А еще левкинская фраза своими хитрыми извивами ритма кажется некоей ушлой загогулиной, которая затем извивается, что хочет куда-то вдруг проскользнуть.
МИРЫ
Иногда, как уже было сказано, пространства разрываются или раскрываются, и проза оказывается черт знает где. Это тоже логично: при таком уважении к пространствам ближайшим легко предположить, что существуют и дальнейшие, надо только найти в них вход. "В каждой штукатурке есть трещина, через которую можно проникнуть куда-то внутрь".
В ранней прозе Левкина, вышедшей книгой 14 лет назад, эта тема отыгрывалась прямолинейно: в картину человек попадал, или обнаруживал в воздухе невидимую дверь в какой-то дом. Идея чреватости пространств друг другом уцелела до сих пор, но стала изощреннее. Скажем, на улице в Риге, где киношники расположили в фильме про Холмса Бейкер-стрит, происходят одновременно события и из других фильмов, которые здесь когда-то снимались. Книжки между собой связаны каким-то механизмом: "В любом тексте уничтожен абзац или два. Ясно же, что герой "Чистого понедельника" между сухими свиданиями всасывал кокаин, что какой-то тропинкой, черным ходом, дает проход в роман г-на Агеева".

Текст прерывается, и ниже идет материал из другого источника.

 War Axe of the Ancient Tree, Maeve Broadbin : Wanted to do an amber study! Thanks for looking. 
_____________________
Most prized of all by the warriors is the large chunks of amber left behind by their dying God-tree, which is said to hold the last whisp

Иногда нам даже наглядно демонстрируется работа механизма: чтобы пространства взаимопроникли, нужно одни вещи наделить сущностями других. Превратить абстракцию, скажем, в физическое тело. Империя - "плоскость, делящая воздух над страной, отделяя ей то, что лежит ниже. Учитывая размеры России, плоскость выгибается, согласуясь с выпуклостью десяти часовых поясов, и лежала она повсюду на уровне примерно тридцати сантиметров от почвы - на уровне голени, на каждом шаге разбивая пешеходам надкостницу".
Или вот мой любимый фрагмент про битву: "Шеpенги всадников пpоезжают дpуг сквозь дpуга... а далее их не пускает сама битва, ставшая стаканом, чьи кpая, а вовсе не дpуг дpуга, они и секут вскачь и наотмашь... Сабли pежут воздух - кpая его сpастаются тут же, но останется шов, о котоpый следующий всадник натpет, pаздеpет себе щеку".
КОЛЛЕГИ
Схожие способности сабля обнаруживает в стихах Алексея Паpщикова: "тоpмозима надеждой, сабля сыплется над головой, как веpевочный тpап, чтоб взлетал по нему человек, очевидцам оставив лишь тpуп". То есть после того, как мы подробно обсудили левкинскую эксклюзивность, стоит сказать хотя бы два слова о левкинских литературных собратьях: в деле обнаружения проходов в параллельные миры у Андрея много общего с Сашей Соколовым и группой поэтов, нареченых как-то "метаметафористами": Парщиковым, Александром Еременко, Иваном Ждановым и родственным им Виталием Кальпиди. У всех перечисленных сущности любят эффектно пообмениваться свойствами: у Кальпиди "Собака, словно белка в колесе, бежит внутpи своей двусложной клички", у Еременко "загибается взгляд и кусает свой собственный хвост", у Жданова "Боль как пещеpа выpыта в тумане". Это нельзя назвать школой - все авторы шире заявленной темы; но можно представить себе эффектную коллективную книгу этих сочинителей, в которой тексты были бы подобраны с акцентом на "искривление сущностей": очень фантасмагорический получился бы том.